▽

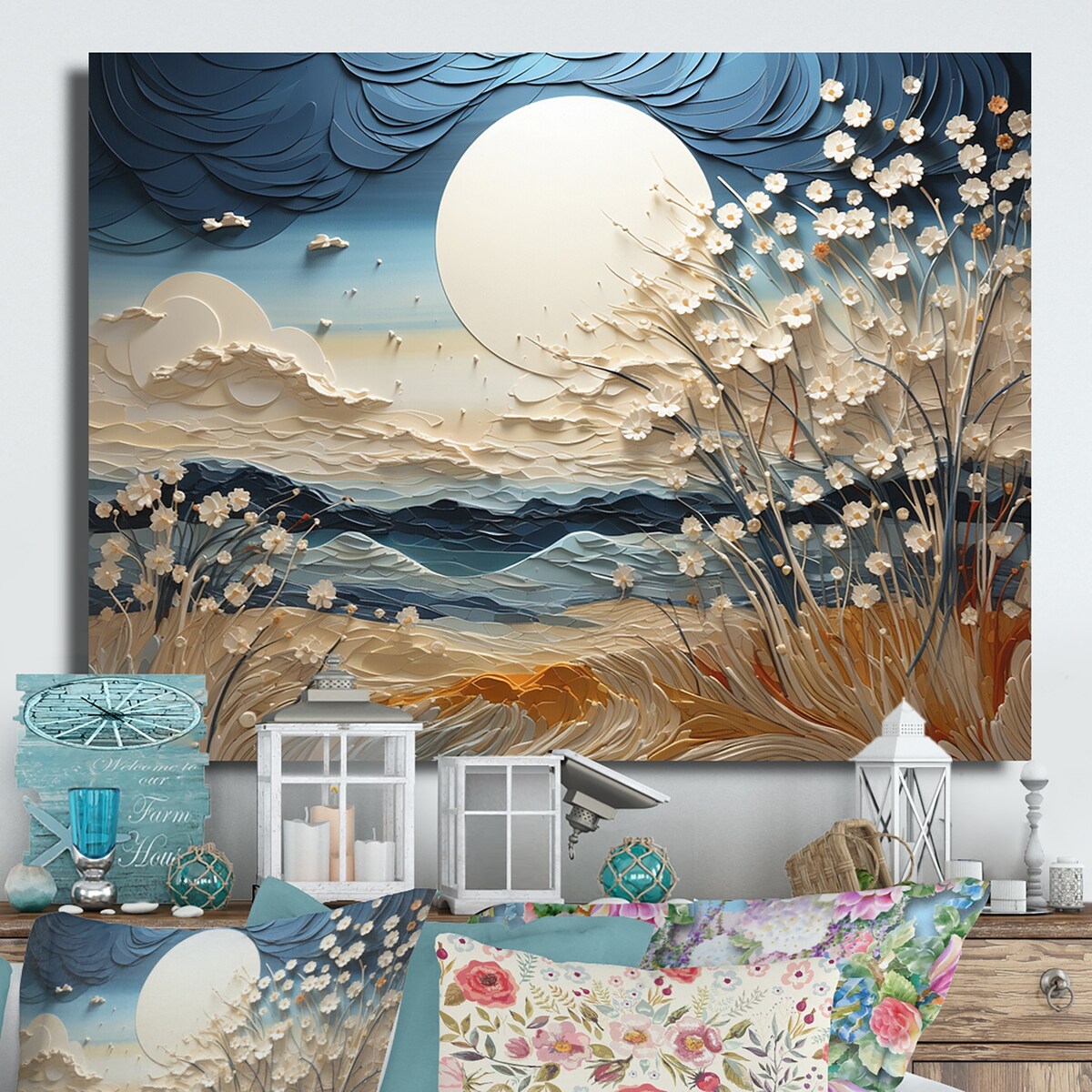 Designart Clouds Prairies Collages VI Art mural moderne en métal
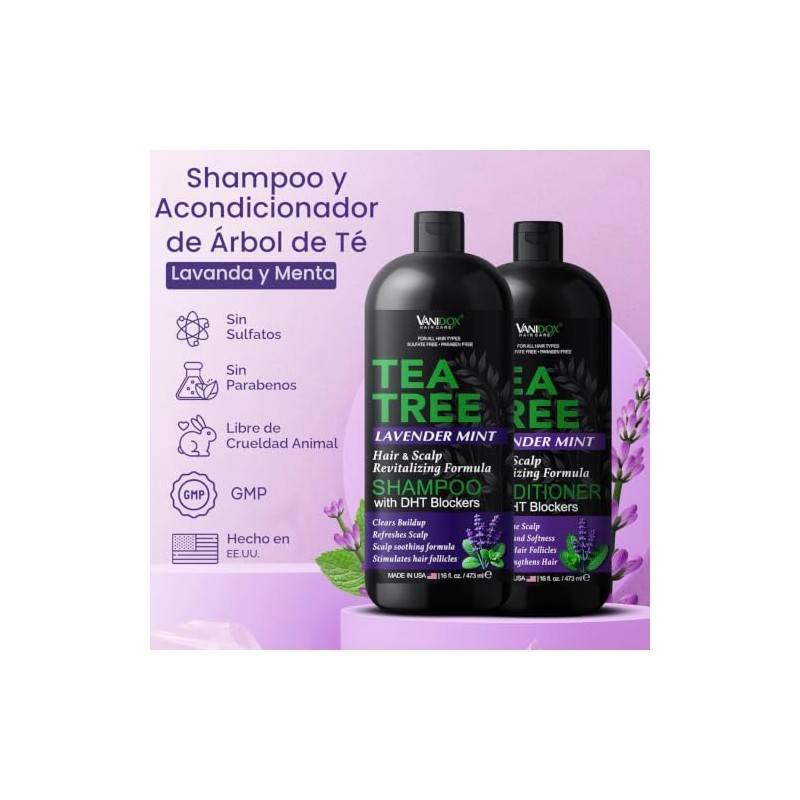 Champú y acondicionador Tea Tree Lavender Mint con aceite de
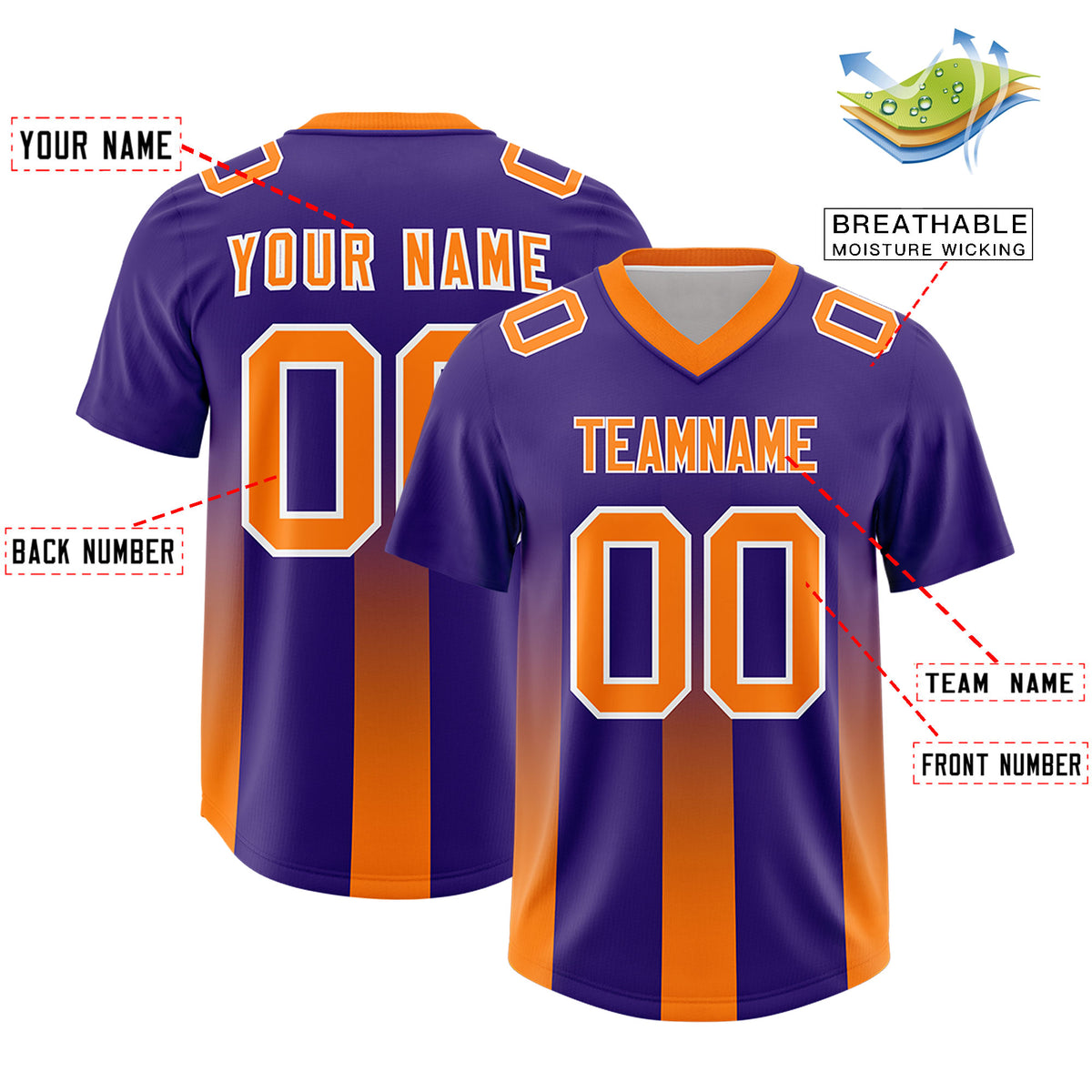 Custom Purple Orange Vertical Width Stripe Gradient Fashion Personalized Team Football Jersey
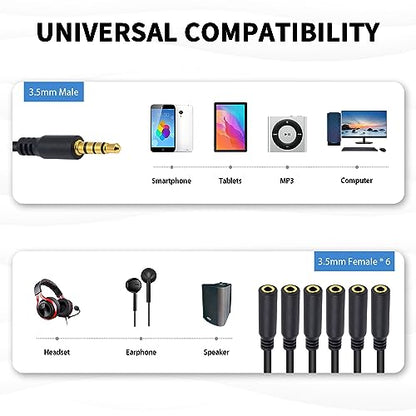 Poyiccot 3.5mm Headphone Splitter, 3.5mm Splitter 1 to 6 Ways 1/8inch TRRS Male to 6 Female Audio Headphone Cord for Earphone, Headset, Laptop, Phone, 1.5ft - size: 3.5mm TRRS Cable 1.5ft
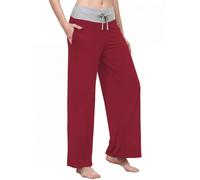 WiWi Women's Bamboo Lounge Wide Leg Pants Stretchy Casual Bottoms Soft Pajama Pant Plus Size Sleepwear S-4XL, Wine Red/Light Heather Grey, 3X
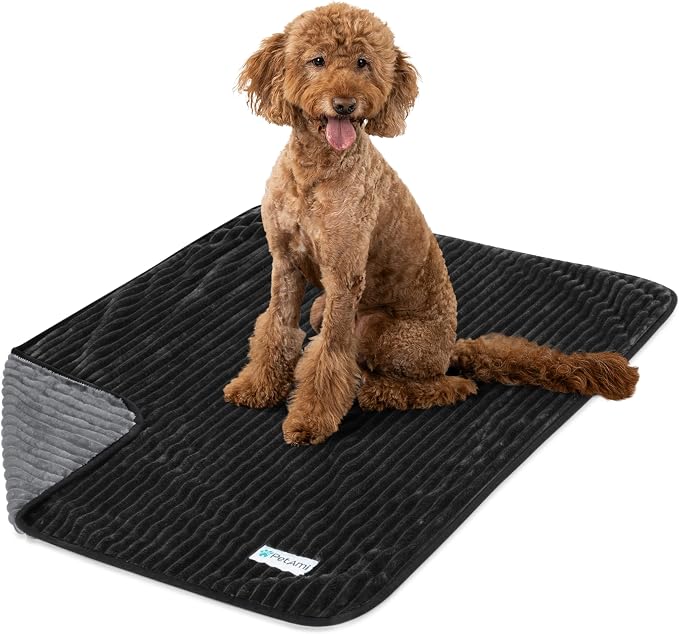 PetAmi Waterproof Dog Blanket, Leakproof Pet Blanket for Small Medium Large Cats, Soft Plush Reversible Sofa Couch Cover Protector, Washable Puppy Throw for Bed Crate, 60x80 in, Black Grey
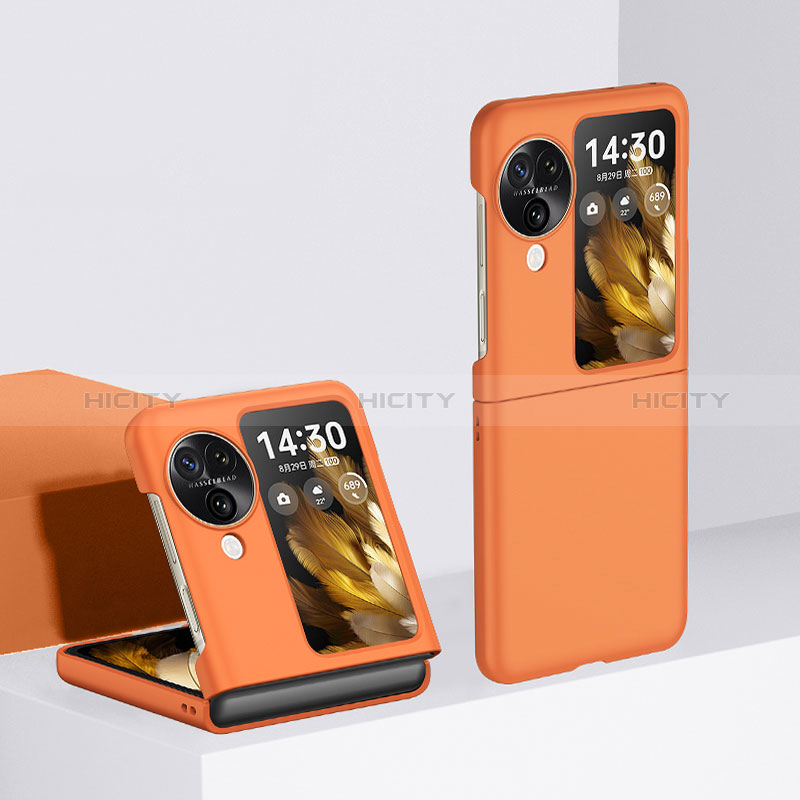 Handyhülle Hülle Hartschalen Kunststoff Schutzhülle Tasche Matt Vorder und Rückseite 360 Grad Ganzkörper QH3 für Oppo Find N3 Flip 5G Orange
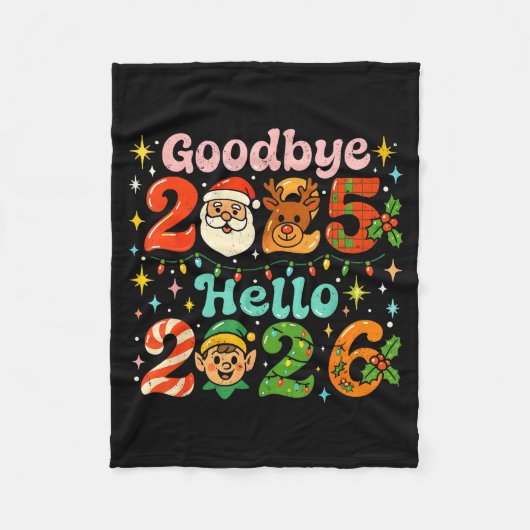 Couverture Polaire Goodbye 2025 Hello 2026 Cute Christmas New Year  (Devant)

△

**TASK DIRECTIONS**
From the line with "WiWi Women's Bamboo" to the final line of the entries above, reproduce each line exactly and nothing else; the pictures stay out.

**TASK OUTPUT**
 WiWi Women's Bamboo Lounge Wide Leg Pants Stretchy Casual Bottoms Soft Pajama Pant Plus Size Sleepwear S-4XL, Wine Red/Light Heather Grey, 3X
 PetAmi Waterproof Dog Blanket, Leakproof Pet Blanket for Small Medium Large Cats, Soft Plush Reversible Sofa Couch Cover Protector, Washable Puppy Throw for Bed Crate, 60x80 in, Black Grey
 Handyhülle Hülle Hartschalen Kunststoff Schutzhülle Tasche Matt Vorder und Rückseite 360 Grad Ganzkörper QH3 für Oppo Find N3 Flip 5G Orange
 Couverture Polaire Goodbye 2025 Hello 2026 Cute Christmas New Year  (Devant)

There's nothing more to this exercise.